═════ Source records ═════

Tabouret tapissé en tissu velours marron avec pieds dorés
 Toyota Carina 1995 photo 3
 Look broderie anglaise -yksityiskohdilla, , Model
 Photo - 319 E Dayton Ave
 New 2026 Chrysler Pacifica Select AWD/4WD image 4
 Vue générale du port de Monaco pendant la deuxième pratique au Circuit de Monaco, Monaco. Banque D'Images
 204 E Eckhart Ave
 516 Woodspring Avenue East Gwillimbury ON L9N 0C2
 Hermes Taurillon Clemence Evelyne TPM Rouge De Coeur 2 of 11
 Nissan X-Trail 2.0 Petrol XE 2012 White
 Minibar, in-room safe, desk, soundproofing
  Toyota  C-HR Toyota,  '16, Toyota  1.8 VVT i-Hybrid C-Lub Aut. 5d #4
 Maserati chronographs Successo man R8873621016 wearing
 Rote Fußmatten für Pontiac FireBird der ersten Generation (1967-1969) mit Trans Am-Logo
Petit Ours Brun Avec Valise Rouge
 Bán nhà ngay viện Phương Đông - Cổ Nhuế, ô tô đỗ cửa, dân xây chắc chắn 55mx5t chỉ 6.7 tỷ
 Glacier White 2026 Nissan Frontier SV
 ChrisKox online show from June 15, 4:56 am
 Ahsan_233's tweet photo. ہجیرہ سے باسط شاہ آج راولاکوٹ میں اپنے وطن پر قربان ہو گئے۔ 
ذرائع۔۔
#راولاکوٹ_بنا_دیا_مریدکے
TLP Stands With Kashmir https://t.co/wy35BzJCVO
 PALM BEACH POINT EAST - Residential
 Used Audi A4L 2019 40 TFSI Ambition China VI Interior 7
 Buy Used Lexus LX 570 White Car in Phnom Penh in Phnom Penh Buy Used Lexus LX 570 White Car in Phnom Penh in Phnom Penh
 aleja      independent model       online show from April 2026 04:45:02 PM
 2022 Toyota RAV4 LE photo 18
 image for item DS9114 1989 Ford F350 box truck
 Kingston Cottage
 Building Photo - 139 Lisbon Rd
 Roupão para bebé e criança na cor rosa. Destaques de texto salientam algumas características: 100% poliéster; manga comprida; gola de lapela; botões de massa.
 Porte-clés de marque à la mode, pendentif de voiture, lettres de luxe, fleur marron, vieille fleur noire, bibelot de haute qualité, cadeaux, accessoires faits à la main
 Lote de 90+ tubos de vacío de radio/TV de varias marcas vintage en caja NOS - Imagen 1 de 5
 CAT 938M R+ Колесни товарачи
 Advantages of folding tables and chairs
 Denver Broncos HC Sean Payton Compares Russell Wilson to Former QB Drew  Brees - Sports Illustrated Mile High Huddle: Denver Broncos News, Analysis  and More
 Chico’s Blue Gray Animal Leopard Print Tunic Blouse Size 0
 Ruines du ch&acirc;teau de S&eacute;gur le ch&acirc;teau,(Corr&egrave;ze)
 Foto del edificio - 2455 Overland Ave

═════

**Task directions:** All that belongs in the answer is the run of lines above from the line containing "Rote Fußmatten für" through the line containing "image for item", exactly as written.

**Task answer:**
 Rote Fußmatten für Pontiac FireBird der ersten Generation (1967-1969) mit Trans Am-Logo
Petit Ours Brun Avec Valise Rouge
 Bán nhà ngay viện Phương Đông - Cổ Nhuế, ô tô đỗ cửa, dân xây chắc chắn 55mx5t chỉ 6.7 tỷ
 Glacier White 2026 Nissan Frontier SV
 ChrisKox online show from June 15, 4:56 am
 Ahsan_233's tweet photo. ہجیرہ سے باسط شاہ آج راولاکوٹ میں اپنے وطن پر قربان ہو گئے۔ 
ذرائع۔۔
#راولاکوٹ_بنا_دیا_مریدکے
TLP Stands With Kashmir https://t.co/wy35BzJCVO
 PALM BEACH POINT EAST - Residential
 Used Audi A4L 2019 40 TFSI Ambition China VI Interior 7
 Buy Used Lexus LX 570 White Car in Phnom Penh in Phnom Penh Buy Used Lexus LX 570 White Car in Phnom Penh in Phnom Penh
 aleja      independent model       online show from April 2026 04:45:02 PM
 2022 Toyota RAV4 LE photo 18
 image for item DS9114 1989 Ford F350 box truck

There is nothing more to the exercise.